Sunday, September 16, 2012

PyMongo and MongoDB

In the last post I mention that JSon is the way a lot of information over the web is serialized and exchanged. As part of a movement to move away from a pull model (SNMP) to push model (syslog, sFlow), many network vendors are picking up JSon as the way to bubble up information to the network engineers.

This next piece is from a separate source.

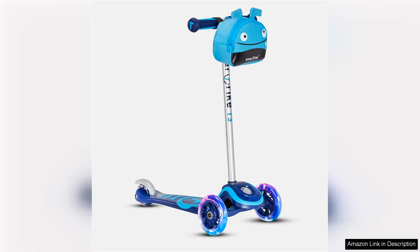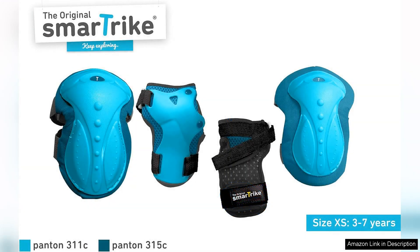The SmartTrike T3 2-in-1 toddler kid scooter is a fantastic choice for parents seeking a fun and versatile ride for their little ones aged 2 and up. This scooter seamlessly transitions from a push scooter to a kick scooter, making it perfect for growing toddlers who are just beginning to discover mobility.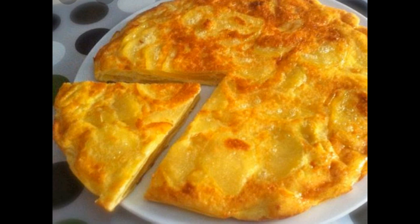Imburrate una teglia da forno. Versateci la metà di quanto preparato, aggiungete il resto del groviera e anche la seconda metà del composto. Fate cuocere l'omelette a forno medio e dopo la cottura servirla calda come un soufflé.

So now that you have a JSon object, how do you persist it? You can obviously pickle and shelve it, but that is not recommended for long term storage, plus that does not scale very well. Any SQL flavor will obviously do the job, but to be honest, coming up with a database schema is kind of a pain in the butt. Especially in the development stage. I want some simple database that allows me to persist my object the way I view it and get out of the way. Also would be nice if it is proven scalable so I dont need to change much by the time I am done.

In comes MongoDB. It is pretty awesome that it matches the object model as I write the script, so it doesn't require a mind shift. It is scalable as many web scale companies are using it. More importantly, it just let me store the object, and "gets out of my way", I say that in a positive sense, of course. No offense, but I have enough headache on hand trying to solve the problem at hand without needing to worry about databases. MongoDB also has the added benefit of cross-platform and batteries included, both are pretty Pythonic.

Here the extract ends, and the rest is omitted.